Understanding the back label of a champagne bottle.

If you are starting out with grower champagne, there is a number of terms that appear on the back label and where it is helpful to know what they mean.

Vins de Reserve indicate the percentage of wine from other vintages excluding the base vintage.

Cepage desribes the grape sorts used in the Champagne.

Mise en bouteille or Tirage. Every champagne when it is bottled receives a dosage of liquer de tirage, a mixture of sugar water and yeast. This induces the second fermentation. Some producers add the date or month when the tirage was done.

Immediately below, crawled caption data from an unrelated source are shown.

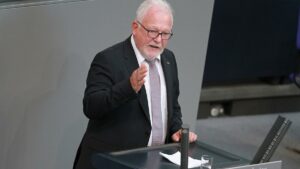 Hellmich lehnt Atombewaffnung der EU ab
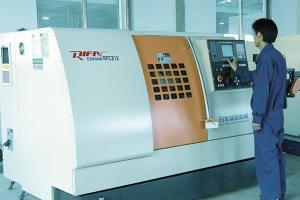  Tour CNC
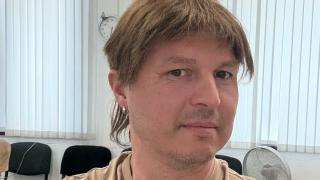 На Гъмзата му порасна коса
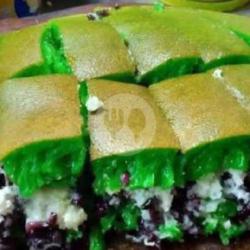 Martabak Manis Pandan Ketan Susu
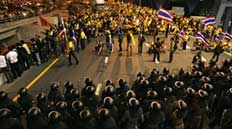 Il blocco della polizia contro i manifestanti (Reuters)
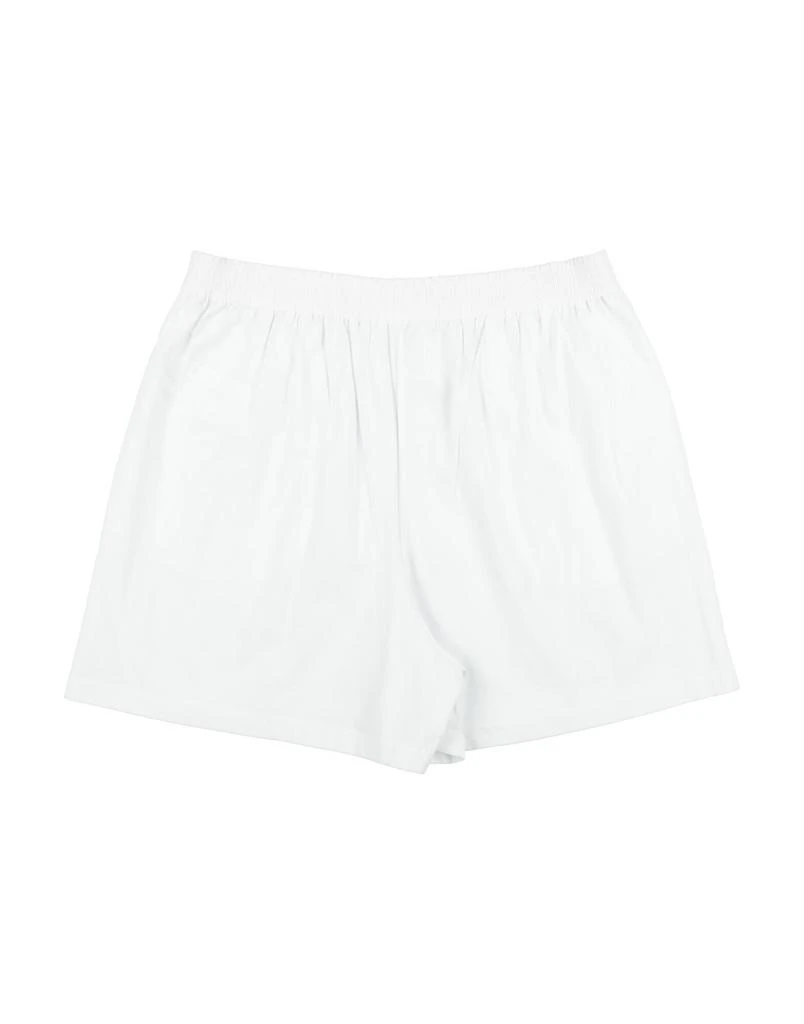 DOUUOD Shorts 
Bermuda 2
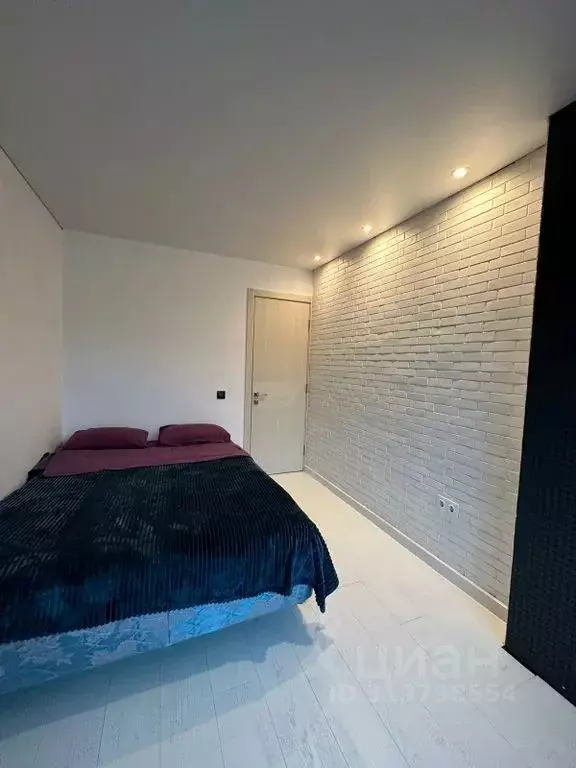 2-к кв. Приморский край, Владивосток Пихтовая ул., 21Б (40.0 м) - Фото 1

Degorgement. This indicates the day or month when the sediment (the dead yeast from the tirage) is removed from the bottle and when the bottle was corked. This is perhaps the most important date to know as it gives us a sense of transparency. Many of the big house refuse to add the degorgement date and for this reason, I would be careful when buying champagne in a supermarket. Without this date we cannot know how long the bottle has been on the shelves and if the conditions of storage were not optimal, the champagne may have suffer damage.

It is also important to know the degorgement causes bottle shock and the champagne needs in general six months to recover its equilibrium. 

Dosage. When  degorged a champagne is possesses no residual sugar. With the dosage sugar is added, the quantity per litre defines wether the champagne is Extra Brut, Brut, Sec etc. 

Extra Brut – Between 0-6 g/ltr are added to make this now increasingly popular style. Modern wine making methods and  global warming has meant a change in sugar use, reducing the need for higher levels of sugar to bring balance to wines. Also the expression of terroir has become the new keyword and low dosage is seen as the key to expressing terroir

Brut – Still the most popular choice for Champagne producers across the region. Between 0-12 g/ltr.

Extra Dry – Bizarrely sweeter than Brut with between 12-17 g/ltr.  A lovely sweet spot for those who like a little touch of sugar in their tea!

Sec – The word Sec means dry but in modern terms these wines can feel all but dry. Between 17-32 g/ltr of sugar can be added.

Demi Sec – The most traditional level of sugar for “sweet” Champagnes. 32-50 g/ltr.

Doux – The highest level of sugar with 50 g/ltr or more added!  Very few wines hit this level.

Comite Champagne registration number – This is one of the key things to look for. It’s presented as two letters followed by a series of numbers. The two letters represent how the wine was made: 

RM (Recoltant Manipulant) is a wine made by a winemaker from his own vineyards.

NM (Negociant Manipulant) is a wine made by a winemaker either from his own vineyards or from grapes/juice that he/she buys in. Most Maisons that you see on the shelves of wineshops and supermarkets are NM.

CM (Cooperative Manipulant) is a wine made from a group of winemakers (cooperative) who label their wines together

RC (Recoltant Manipulant) is a wine made by the cooperative but labelled by a grower.

ND (Negociant distributeur) is a wine made by a winemaker but with a distributor’s label on it.

SR (Societe de recoltants) is a wine made together by a group of growers.

MA (Marque d’Achetuer) is a wine marketed by a third party. You see many of these on the supermarket shelves.